Réunis à Diamniadio, les délégués de Pastef ont élu Ousmane Sonko à la tête du parti, à l’issue d’un congrès organisé sur fond de recomposition politique au sommet de l’État.
Ousmane Sonko a été élu samedi président de Pastef-Les Patriotes, à l’issue du premier congrès national du parti tenu à Diamniadio, près de Dakar.
Selon les résultats proclamés par la commission électorale du congrès, le président de l’Assemblée nationale a obtenu la totalité des suffrages exprimés, soit 589 voix sur 589 procès-verbaux reçus sur les 598 attendus.

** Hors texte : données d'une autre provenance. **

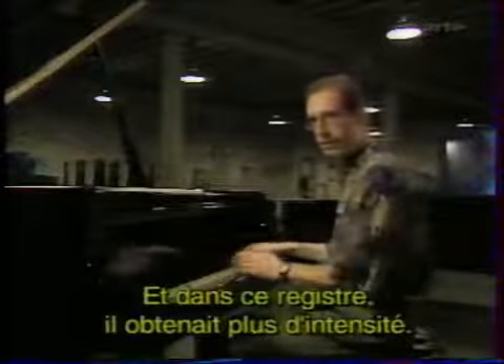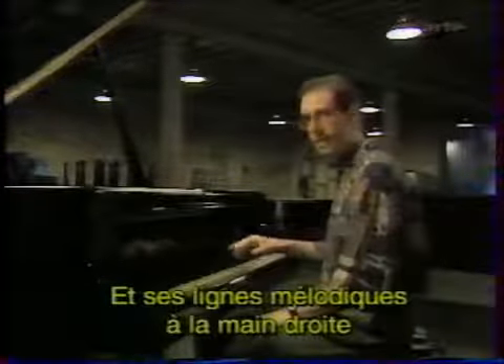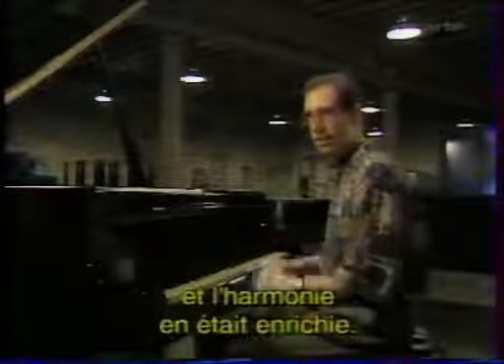It brought it up into that register, and he could get a lot more intensity that way. His right hand lines played a lot more chord extensions, and the harmonies got more advanced.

Aucun bulletin blanc n’a été enregistré et le taux de participation a atteint 98,5 %.
Cette élection constitue le principal fait marquant du premier congrès de Pastef depuis la création du parti en 2014. Réunis pour la première fois en congrès national, les délégués venus du Sénégal et de la diaspora étaient appelés à renouveler les instances dirigeantes de la formation et à définir ses orientations politiques pour les prochaines années.

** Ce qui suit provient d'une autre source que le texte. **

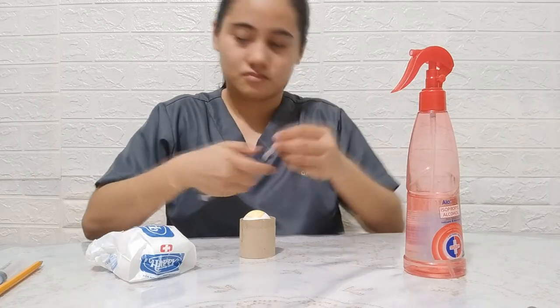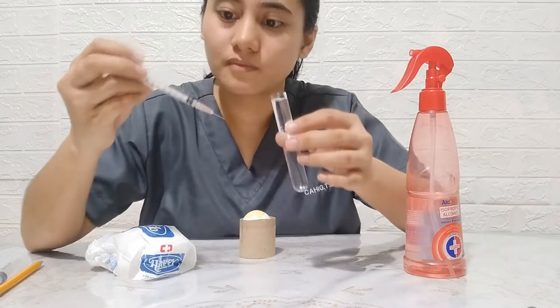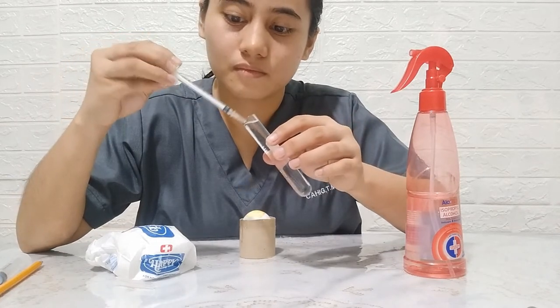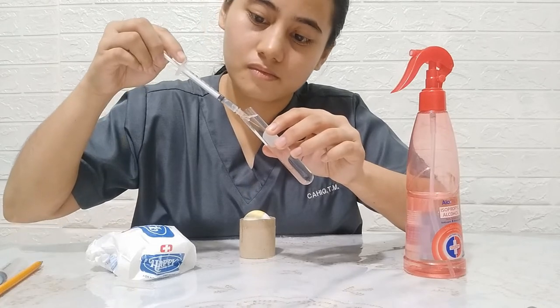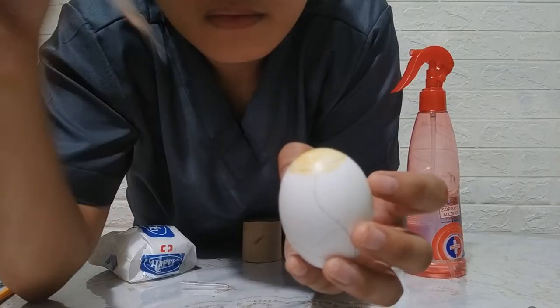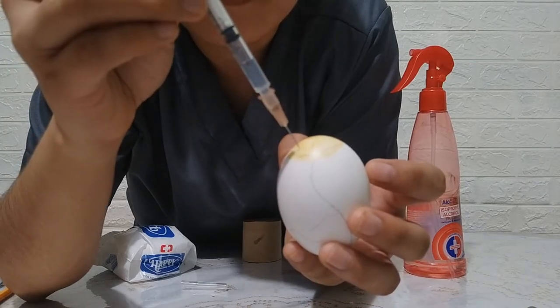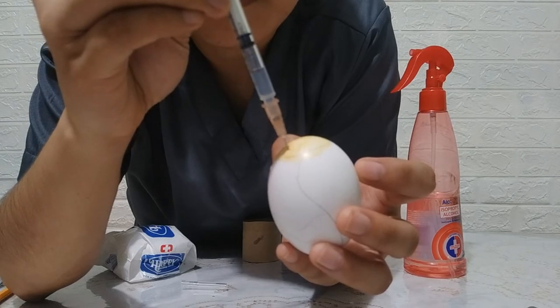Using another syringe, draw 0.1 ml of water that will serve as the inoculum. Insert the needle perpendicularly through the hole to a depth of at least 1.5 cm and deposit the inoculum.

Le congrès se déroule dans un contexte de recomposition du pouvoir au sommet de l’État. Ousmane Sonko a été démis de ses fonctions de Premier ministre le 22 mai par le président Bassirou Diomaye Faye. Quelques jours plus tard, il a été porté à la présidence de l’Assemblée nationale après la démission d’El Malick Ndiaye du perchoir.
Cette séquence politique a révélé des divergences entre les deux principales figures de Pastef sur la manière de conduire l’action gouvernementale et d’organiser l’exercice du pouvoir, même si les deux dirigeants continuent de revendiquer leur appartenance commune au parti.
Le congrès intervient également quelques jours après la formation du gouvernement dirigé par Ahmadou Alamine Mohamed Lo. Pastef a choisi de ne pas participer à cette équipe gouvernementale malgré sa large majorité à l’Assemblée nationale.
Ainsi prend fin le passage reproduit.